The presentation is both hilarious and illuminating; I highly recommend you
view it right away. It's not saying anything that I haven't been
thinking for a
very long time. Except the thing about how IE can silently add
certificates to your root CA store, that was definitely new, and a little
depressing. But this is a somewhat esoteric topic and it needs to be
made more popular for the everyday user. Sexy, even.
A Brief Review
(But seriously,
go
read the slides, they're more entertaining.)
Internet security is based on trust. The math behind modern
cryptography doesn't ensure anything beyond that you're talking to someone
that holds a particular special secret ("private key"). You can verify
that the party you're talking to has the same key as the one you talked to
last time, and that a particular private key corresponds to a particular
public key, but that's about it. The public key can be
published for everyone to see without risking any of the secrets being sent,
but you still need some way to determine whether the public key actually
belongs to the person you want to talk to. So, in order to have a
secure system, you have to layer some rules on top of that which give you
some way to know whether that private key corresponds to an identity that
you care about and trust.
The current system goes something like this: each web browser vendor
decides, more or less at random, on a group of entities we will all trust
completely. By virtue of the trust of the software, they become the
authorities who can decide whose public keys are valid. Actually, a
public key isn't quite enough: you need a key plus some metadata about the
person sending it: we call this a "certificate". So these entities are
termed "certificate authorities". The browser vendors tend to decide
on the same group, because there's a lot of social pressure to maintain a
list that makes sense (and also, anybody who gets accepted by one browser
but denied by another can't really sell certificates: the whole point of
this exercise is to sell things that make the little lock icon come up, so
you know your web shopping cart is "secure").

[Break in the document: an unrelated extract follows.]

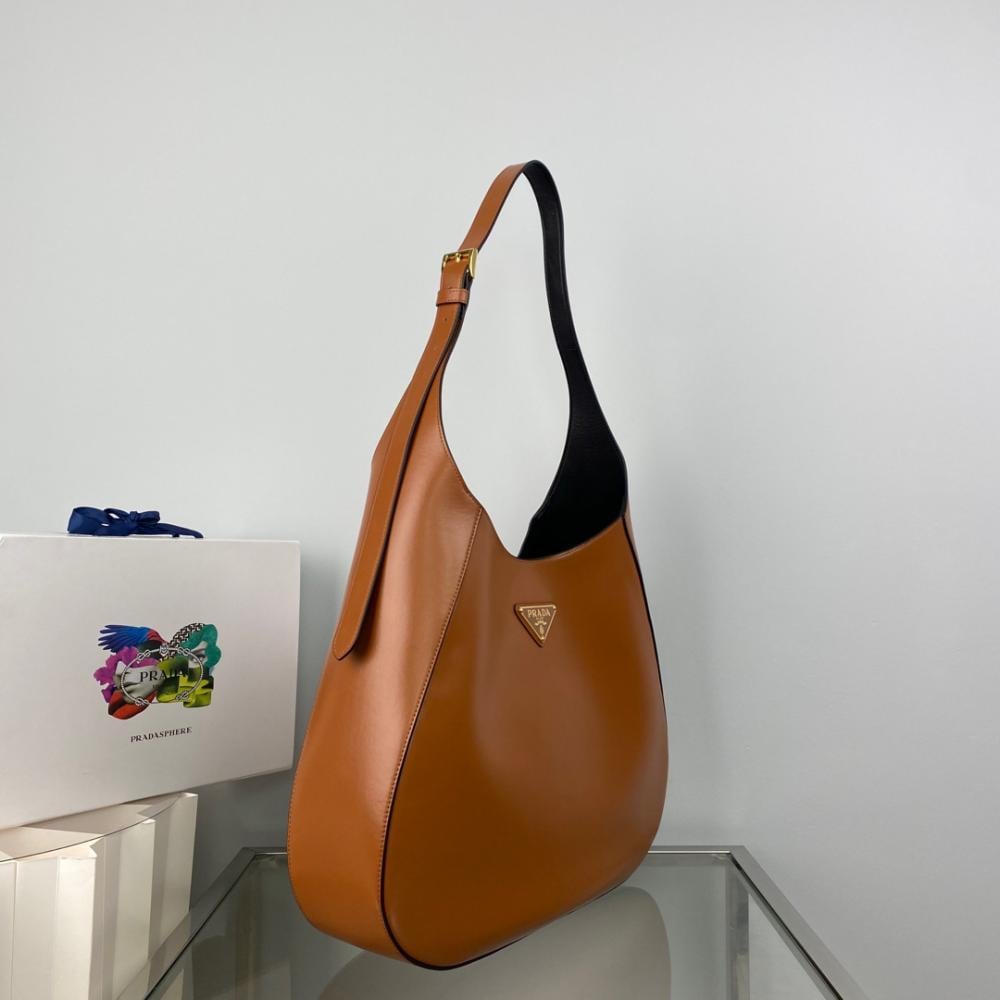 Leather Crossbody Bag Style 609868580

The problem with this system is that almost all of these "completely
trustworthy" entities are enormous companies or,
possibly even foreign governments, which have diverse motivations and
huge amounts of legitimate business to conduct, making it very hard to spot
a small amount of malfeasance. (Although there is
some good
news: people do notice, and they
freak the hell out when they do; so at least there's some policing of
the current system.) One compromised certificate authority (and there
are
lots
and lots to try and compromise) means a complete "game over" for
everybody who uses a web browser and trusts the little lock icon.
Basically there's no such thing as "completely trustworthy". There's
only: do I trust
you.
The Next Step
The solution that Mr. Palmer proposes is extremely
similar to the one which I thought I originally devised in about 2004, but
probably was floating around in the security zeitgeist even before that.
It's a combination of 3 general principles:
Trust On First Use
Basically, the first time I see you, on the
internet, it's unlikely that you're trying to trick me. So you can
give me any old public key, and I'll accept that it's you.
Mr. Palmer gives this one a catchy pseudoym, "TOFU", which I quite like (and
I guess is pretty widely known at this point).
Persistence Of Pseudonym
The important point is that then I
remember that it's you, forever, so it's very hard to attack our
communications after that point.
I'll come up with a name for you (let's say "Bob Smith" or "The Most Secure
Bank In The World Dot Com"), and my software will make sure that it sticks
to that public key. You can potentially tell me that your key has
changed, but you'd better be prepared to present your old key, otherwise I
have to get re-introduced to you, and now I'm suspicious that something may
have been fishy. Especially if some other thing shows up and say "Hi,
it's Bob Smith" (with the correct, old public key) - "Hey, who's this
guy?"
This is referred to as "POP". Also pretty catchy.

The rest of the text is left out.